Die Fahrt verbringe ich mit Zeitungslesen, Telefonieren und Dösen. Was aber weniger entspannend ist, da ich von der Angst geplagt werde, irgendwann in Wien aufzuwachen. Nicht dass Wien nicht schön ist, aber bitte heute nicht mehr.
Nach anderthalb Stunden halten wir. In Rackwitz (bei Leipzig). Tja, „bei Leipzig“ kann viel bedeuten, in dem Fall bedeutet es „In zehn Minuten wärst Du in Leipzig“. Wenn. Ja wenn ich am Samstagabend um die Uhrzeit jemanden anrufen würde, der mich abholt. In Rackwitz (bei Leipzig). Will ich aber keinem antun. Bin ja selbst schuld. So setzt sich der Zug nach 15 Minuten wieder in Bewegung, und zwar in die Richtung aus der er gekommen ist und fährt nach Halle.
23:37 Uhr Ankunft in Halle. Verdächtig viele Polizeibeamte am Bahnhof. Ich frag nach dem Schienenersatzverkehr, folge der präzisen Auskunft, verlasse das Gebäude und treffe auf eine Gruppe ziemlich betrunkener junger Männer, die sich freuen mich zu sehen. So sehr, dass sie mir erstmal hinterherlaufen. Egal, ich sehe den Bus bereits und muss weder ein Ticket zeigen, noch eins kaufen. Setz mich hinter den netten Fahrer und versuche mich im Dämmerlicht erneut an dem Artikel, der mich im Zug bereits zum Schlafen gebracht hat. Mehr und mehr Leute treffen ein. Afrikaner, eine Asiatin mit Instrumentenkoffer, ein verliebtes Pärchen. Ein Bus also ganz nach dem Geschmack ostdeutscher Provinz. Und dann noch ein älterer, müder Staatsbeamter in Grün. Es gäbe da ein paar Fußballfans, die müssten nach Leipzig, ob das denn in Ordnung ginge, wenn die mitkämen, fragt er meinen neuen Freund, den Busfahrer. Es wären auch zwei Kollegen zum Geleitschutz mit dabei. Klar, kein Problem, sagt der.






3 Kommentare
Köstlich…Im Bus scheint ja nicht mehr gar zu viel passiert zu sein. Schade :)

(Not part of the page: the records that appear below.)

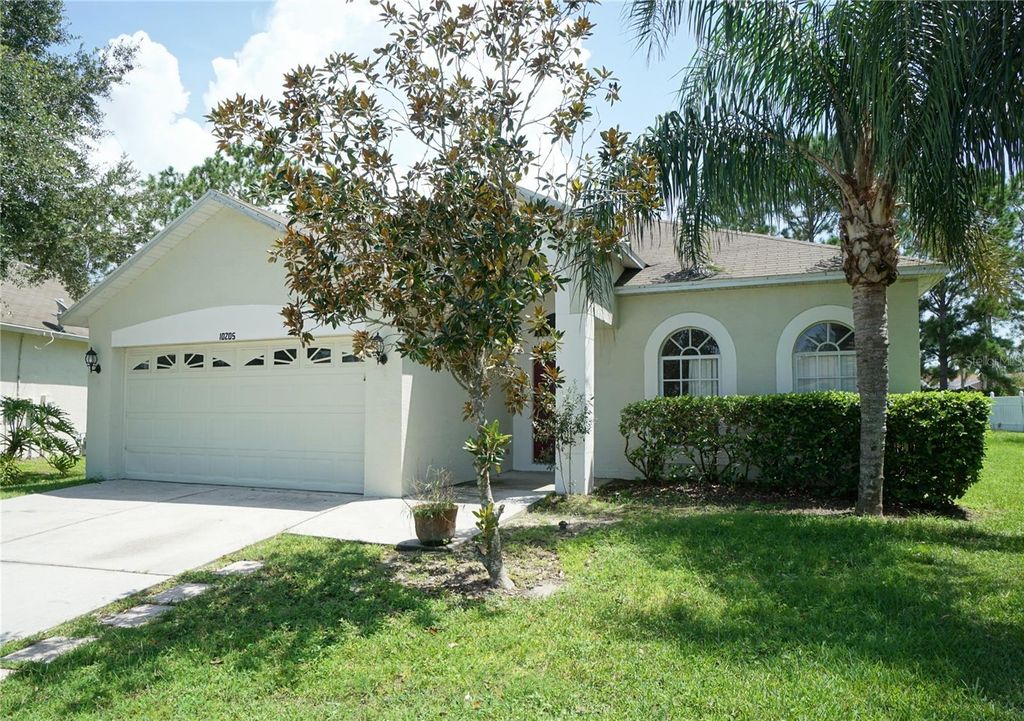 Photo of 10205 Goldenbrook Way, Tampa, FL 33647 (MLS # TB8441512)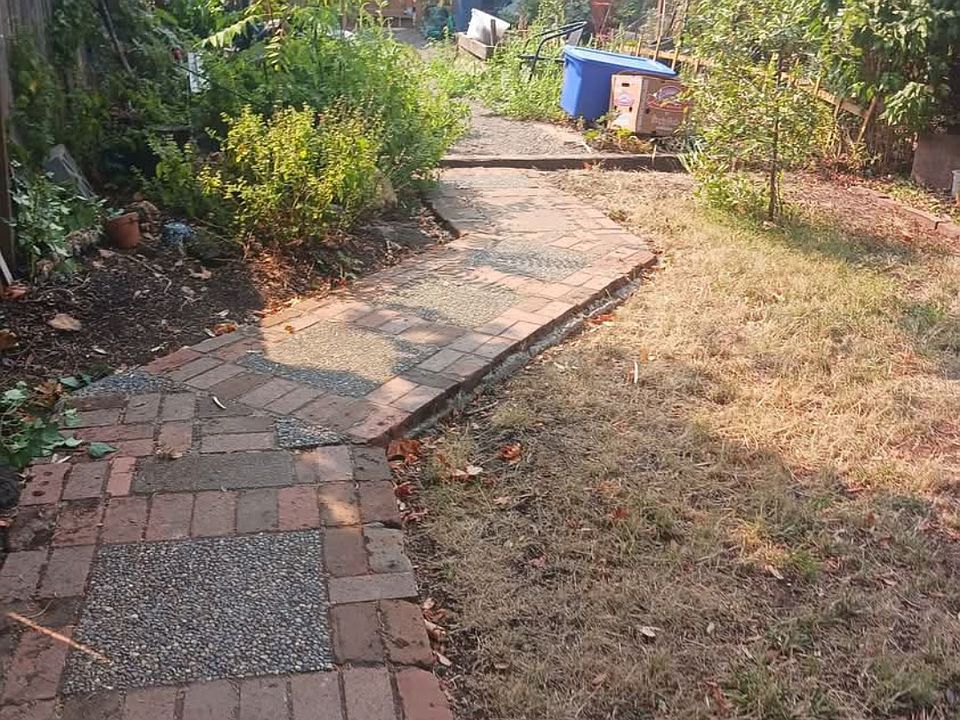 2nd image of 1218 1/2 W 11th Ave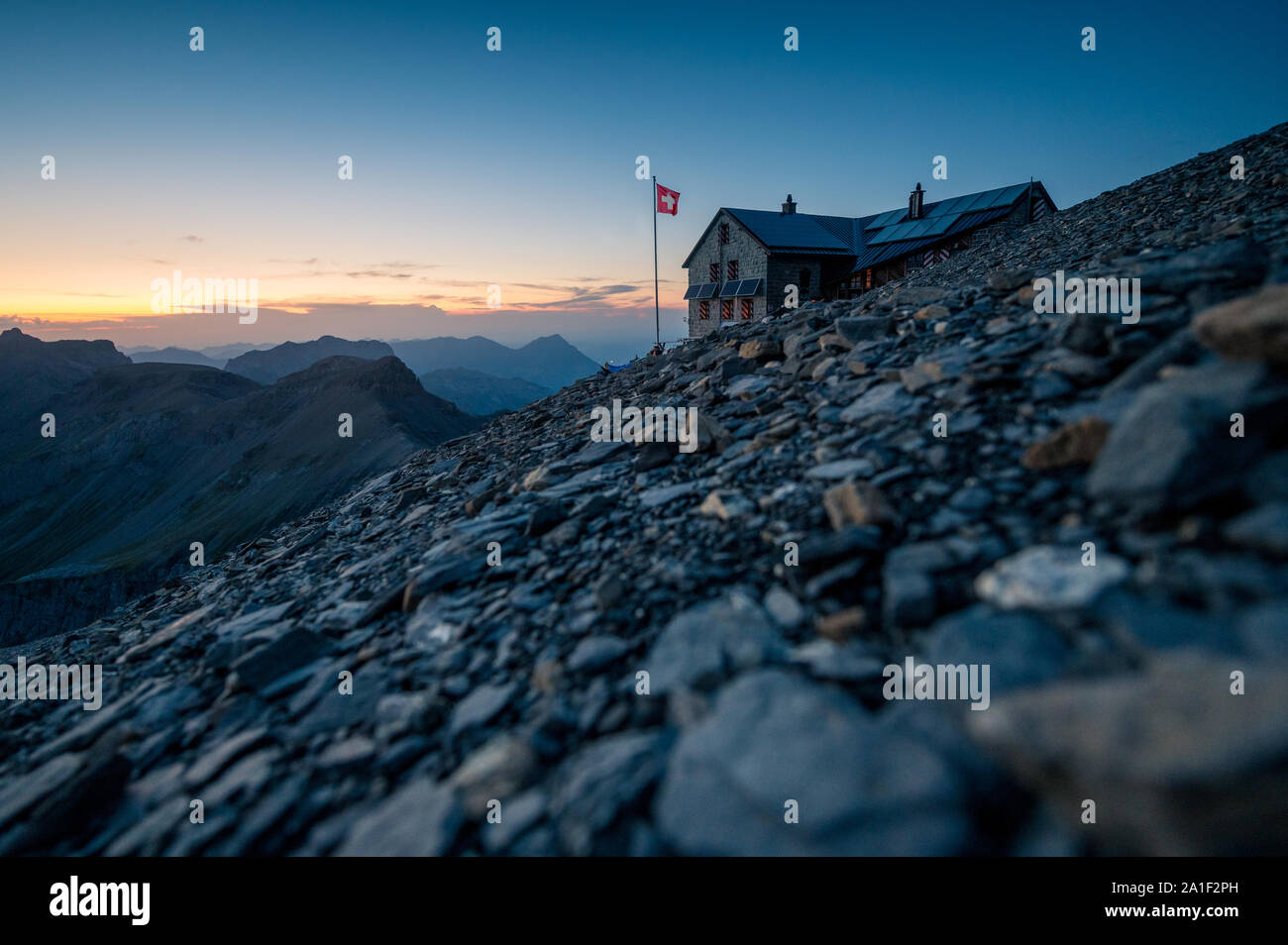 SAC BLEU Blüemlisalphütte pendant 24h en été Banque D'Images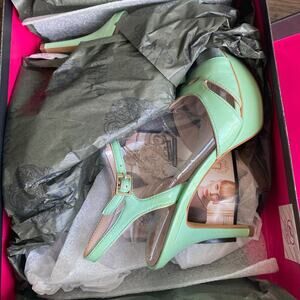 Vince Camuto sz 7.5 stiletto‎ Patent leather heels NWT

Ich kann R. nur zustimmen :)
Schöne Geschichte, kommt leider öfter vor als man denkt. Ich fahr inzwischen Auto. Auch wenn die Bahn Werbung macht wie “Stell Dir vor die Bahn ist billiger als das Auto” kann man über das europäische Zugverkehrsnetz nur den Kopf schütteln. Mein Beileid zu dem versauten Abend.